In a blog post from Facebook’s artificial intelligence division Thursday, the social media company announced that it would be teaming up with other major tech businesses and universities to create the “Deepfake Detection Challenge (DFDC).”
“We want to catalyze more research and development in this area and ensure that there are better open source tools to detect deepfakes,” the company said. “That’s why Facebook, the Partnership on AI, Microsoft, and academics from Cornell Tech, MIT, University of Oxford, UC Berkeley, University of Maryland, College Park, and University at Albany-SUNY are coming together to build the Deepfake Detection Challenge (DFDC).”
The challenge is offering $10 million in rewards and grants to help researchers tip the scales against AI-generated misinformation.
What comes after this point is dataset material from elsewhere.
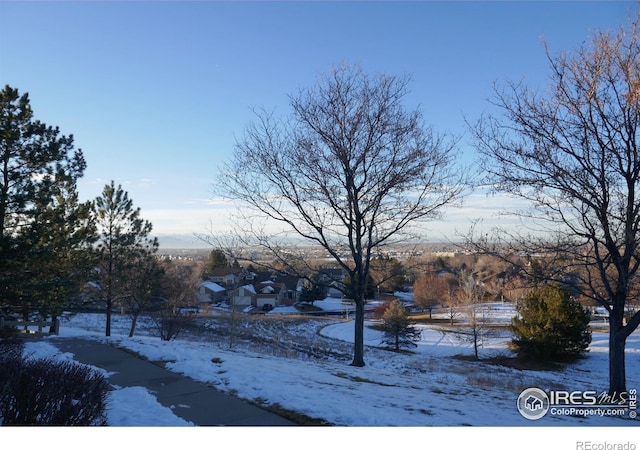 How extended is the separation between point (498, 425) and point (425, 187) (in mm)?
5693

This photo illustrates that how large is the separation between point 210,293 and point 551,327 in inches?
1738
Facebook will be releasing a dataset containing the faces of paid actors and has stressed that no Facebook user data will be included.
Once built, Facebook plans to release the dataset and officially begin the DFDC in December at the Conference on Neural Information Processing Systems (NeurIPS). Although Facebook itself will also be entering the competition, the company noted that it will not accept any prize money.
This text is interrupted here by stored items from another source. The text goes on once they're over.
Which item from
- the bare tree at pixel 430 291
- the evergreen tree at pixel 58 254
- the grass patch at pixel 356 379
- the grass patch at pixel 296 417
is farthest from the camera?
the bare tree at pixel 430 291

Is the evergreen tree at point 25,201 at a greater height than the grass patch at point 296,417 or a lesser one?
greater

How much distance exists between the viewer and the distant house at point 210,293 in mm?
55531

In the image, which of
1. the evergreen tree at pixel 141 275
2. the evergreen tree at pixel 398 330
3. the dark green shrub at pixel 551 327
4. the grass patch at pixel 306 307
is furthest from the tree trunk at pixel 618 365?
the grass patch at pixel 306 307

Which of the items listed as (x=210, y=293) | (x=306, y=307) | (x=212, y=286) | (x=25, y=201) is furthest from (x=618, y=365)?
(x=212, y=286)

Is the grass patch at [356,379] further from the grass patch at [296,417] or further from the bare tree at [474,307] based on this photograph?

“This is a constantly evolving problem, much like spam or other adversarial challenges, and our hope is that by helping the industry and AI community come together we can make faster progress,” Facebook added.
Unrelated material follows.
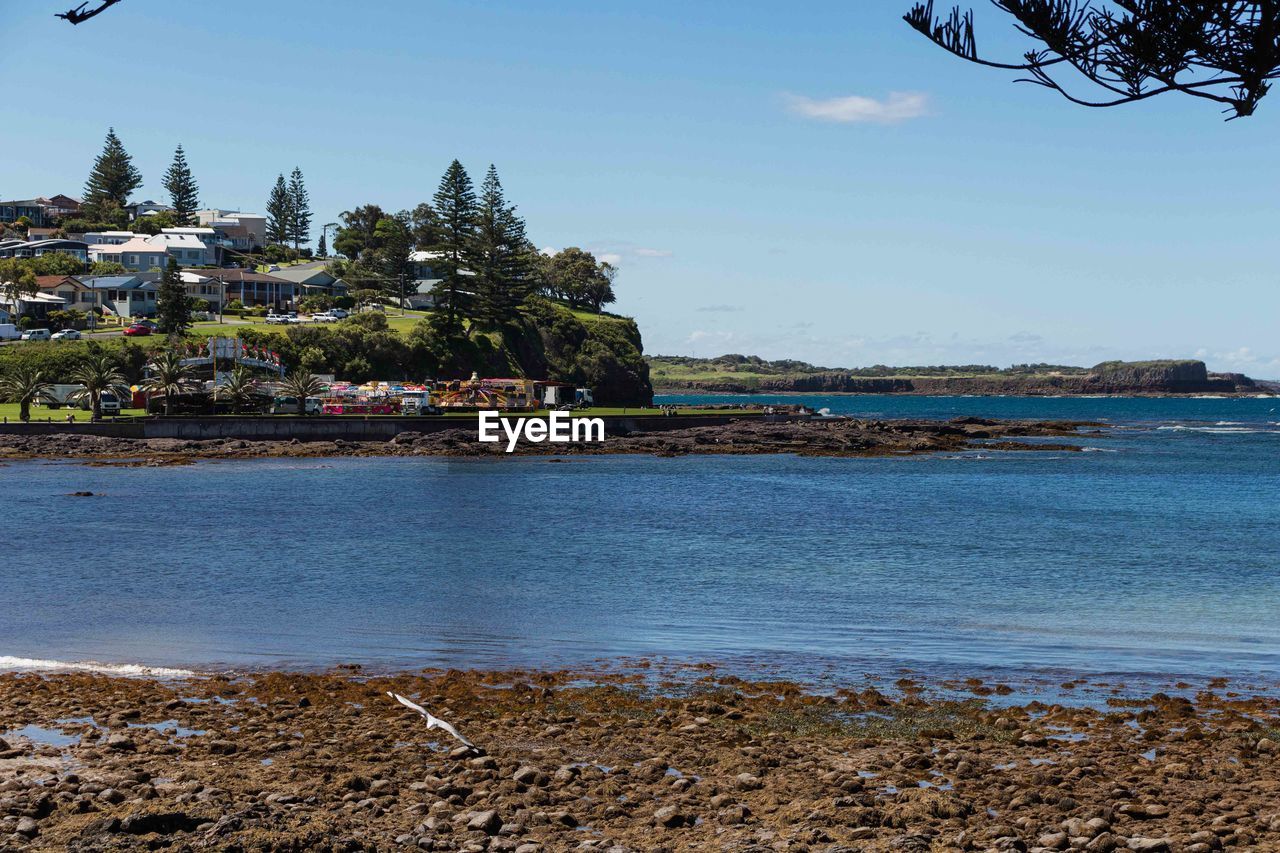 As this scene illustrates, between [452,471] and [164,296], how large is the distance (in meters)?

The project has been endorsed by numerous academics, engineers, and scientists, including Antonio Torralba, a professor and director of the MIT Quest for Intelligence.
“People have manipulated images for almost as long as photography has existed. But it’s now possible for almost anyone to create and pass off fakes to a mass audience,” Torralba said in the press release. “The goal of this competition is to build AI systems that can detect the slight imperfections in a doctored image and expose its fraudulent representation of reality.”
The project comes as deepfake videos become increasingly realistic–and at a quickening pace. The technology can now even be implemented with just a click of a button through popular apps, available to the public.
Although much attention has been given to the possibility that deepfakes could be used to disrupt an election, the technology has already been used to blackmail and harass women by placing them into pornographic videos.